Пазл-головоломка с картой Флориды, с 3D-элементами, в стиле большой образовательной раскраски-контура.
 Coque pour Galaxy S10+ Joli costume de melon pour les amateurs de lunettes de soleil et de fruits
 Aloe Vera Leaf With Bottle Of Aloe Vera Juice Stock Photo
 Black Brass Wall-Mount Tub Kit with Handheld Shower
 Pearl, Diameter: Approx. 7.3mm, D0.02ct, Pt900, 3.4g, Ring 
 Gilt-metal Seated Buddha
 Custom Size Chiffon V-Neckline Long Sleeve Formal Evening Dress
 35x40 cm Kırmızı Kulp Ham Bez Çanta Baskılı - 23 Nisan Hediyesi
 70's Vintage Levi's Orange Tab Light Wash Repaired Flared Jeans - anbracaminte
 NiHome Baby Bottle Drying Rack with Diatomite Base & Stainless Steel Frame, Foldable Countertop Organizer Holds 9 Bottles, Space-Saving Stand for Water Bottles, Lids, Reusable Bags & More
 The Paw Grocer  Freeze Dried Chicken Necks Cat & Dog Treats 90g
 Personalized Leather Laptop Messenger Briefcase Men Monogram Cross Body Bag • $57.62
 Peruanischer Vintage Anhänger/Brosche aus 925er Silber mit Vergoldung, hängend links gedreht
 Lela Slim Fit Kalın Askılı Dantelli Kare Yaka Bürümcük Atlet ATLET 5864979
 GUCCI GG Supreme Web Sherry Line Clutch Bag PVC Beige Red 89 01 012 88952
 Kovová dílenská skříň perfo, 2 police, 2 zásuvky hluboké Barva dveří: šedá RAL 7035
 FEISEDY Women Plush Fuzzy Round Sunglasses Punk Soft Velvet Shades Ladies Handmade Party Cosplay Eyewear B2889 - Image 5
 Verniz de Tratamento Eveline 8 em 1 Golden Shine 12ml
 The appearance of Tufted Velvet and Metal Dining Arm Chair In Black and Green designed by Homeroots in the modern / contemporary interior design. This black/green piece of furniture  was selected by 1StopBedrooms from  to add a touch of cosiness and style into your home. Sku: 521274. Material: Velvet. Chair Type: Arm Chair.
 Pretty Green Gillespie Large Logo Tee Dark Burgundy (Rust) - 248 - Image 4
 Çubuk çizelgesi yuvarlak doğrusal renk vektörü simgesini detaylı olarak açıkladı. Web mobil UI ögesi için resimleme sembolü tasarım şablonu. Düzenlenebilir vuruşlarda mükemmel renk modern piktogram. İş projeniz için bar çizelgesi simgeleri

☆ ☆ ☆ ☆

WHAT YOU HAVE TO DO: Among the entries above, locate the lines containing "Pearl, Diameter: Approx." and "Verniz de Tratamento", and transcribe exactly those two lines and all lines between.

TASK RESPONSE:
 Pearl, Diameter: Approx. 7.3mm, D0.02ct, Pt900, 3.4g, Ring 
 Gilt-metal Seated Buddha
 Custom Size Chiffon V-Neckline Long Sleeve Formal Evening Dress
 35x40 cm Kırmızı Kulp Ham Bez Çanta Baskılı - 23 Nisan Hediyesi
 70's Vintage Levi's Orange Tab Light Wash Repaired Flared Jeans - anbracaminte
 NiHome Baby Bottle Drying Rack with Diatomite Base & Stainless Steel Frame, Foldable Countertop Organizer Holds 9 Bottles, Space-Saving Stand for Water Bottles, Lids, Reusable Bags & More
 The Paw Grocer  Freeze Dried Chicken Necks Cat & Dog Treats 90g
 Personalized Leather Laptop Messenger Briefcase Men Monogram Cross Body Bag • $57.62
 Peruanischer Vintage Anhänger/Brosche aus 925er Silber mit Vergoldung, hängend links gedreht
 Lela Slim Fit Kalın Askılı Dantelli Kare Yaka Bürümcük Atlet ATLET 5864979
 GUCCI GG Supreme Web Sherry Line Clutch Bag PVC Beige Red 89 01 012 88952
 Kovová dílenská skříň perfo, 2 police, 2 zásuvky hluboké Barva dveří: šedá RAL 7035
 FEISEDY Women Plush Fuzzy Round Sunglasses Punk Soft Velvet Shades Ladies Handmade Party Cosplay Eyewear B2889 - Image 5
 Verniz de Tratamento Eveline 8 em 1 Golden Shine 12ml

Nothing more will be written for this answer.